松山氏は「観光の力で日本をより元気に」と題した所感を発表。2016年はインバウンドへの日本社会全体の大きな期待に応えるべく、「ビジット・ジャパンの旗手」として国内外での活動に専心。


田川氏は、2016年を「海外旅行復活の年」に設定。海外渡航者2000万人達成に向けた需要喚起への取り組みを表明。日本のツーリズムにとって重要な年になるとの予見を示した。


旅行会社・OTA

髙橋氏は、国内旅行では地域活性化と市場の拡大、グローバル事業では「世界発・世界着。」をテーマとする事業拡大方針を表明。訪日旅行者向けには、ネット販売や商品造成、日本到着後のタッチポイント増強など、多角的に事業強化を展開。


平林氏は、日本国内、海外ローカルに向けたアプローチをさらに推進することを発表。ハウステンボスでは「変なホテル」2期棟の建設などで観光ビジネス都市を目指す方針も示した。


戸川氏は、2016年が現在策定中の新・中期計画スタートの年であることを強調。シナジー効果をさらに高め、成長領域へのシフトと先行投資を進めていく。


丸尾氏は、2016年は経営計画「ACTIVE2016」最終年度であり、そのゴールを確実に達成するとの強い思いを表明。確固たる収益基盤を確立、次のステップに進めたいとしている。


山本氏は、同社の強みであるビッグデータ技術を通じてインバウンドと地方への送客を実現、新規顧客開拓とリピート化を推進。"予約"から"マッチングプラット"へ、プラットフォームの進化を目指す。


ホワイトモア氏は、今後個人旅行を中心としたパーソナルで品質の高いサービスが求められてくると予測。2016年はインバウンドのリピーター拡大に注力、地方の宿泊施設との連携強化も加速する。


小澤氏は、さらなる営業人員体制強化、システム増強などを進め、ECやオンライン予約業界に風穴を開けていく方針。買収した一休やダイナテックとの連携強化も。


木村氏は、付加価値の提供、商品幅の増加、マルチデバイスや個人対応などを通じてファンの拡大などに取り組むことを表明。インバウンドでは観光局などとのコラボも積極化。



航空会社

植木氏は、2016年に最終年を迎える中期経営計画を再掲。
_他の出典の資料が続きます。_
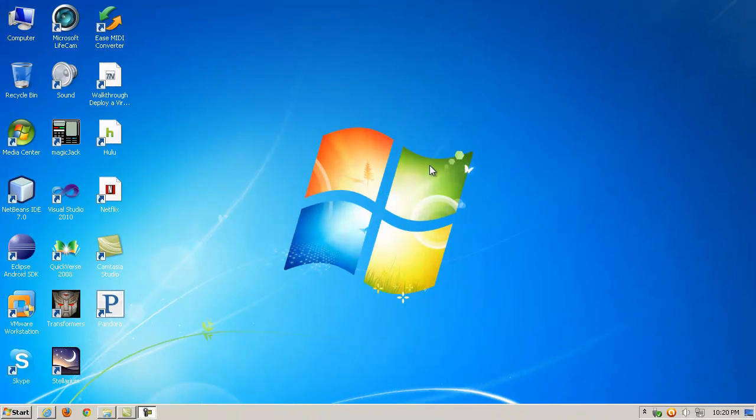I had a couple of people ask me about Windows 7 GodMode, and there's already a lot of videos on YouTube about it, but just real quick, I'll probably do this in less than a minute.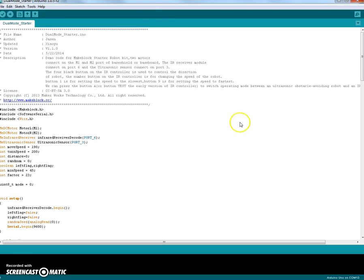Alright, today we're going to learn how to program your MakeBlock robot to run under remote control and autonomously.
全社一丸となって安全運航、顧客満足、財務面からなる具体的な「3つの経営目標」を達成すべく強い意思を表明。


片野坂氏は、2016年が同社国際線就航30周年にあたることに触れ、感謝の意を表明。今後は国家レベルでの構想も見据えて「国内線と国際線を区分する時代は終わりを告げつつ」あるとし、世界の70億人を視野におく展望を示した。


デジタル・IT関連

新経済連盟代表理事の三木谷氏(楽天 代表取締役会長兼社長)は、今後も「未来の水先案内人」として変化し続ける時代をリードしていく決意を表明。シェアリングエコノミーやフィンテックといった新ビジネスの登場なども受け、変化し続ける社会の牽引役となる考え。


孫氏は、2016年も経営者チームを中心にグループ全体の成長を強く推進。各分野で地球規模の社会貢献できる情報革命のけん引役を担うことを表明。


三木谷氏は、eコマース、デジタルコンテンツ、金融分野にIT技術を活用したフィンテック(FinTech)を3本柱として「楽天経済圏」さらに拡大していく方針を示した。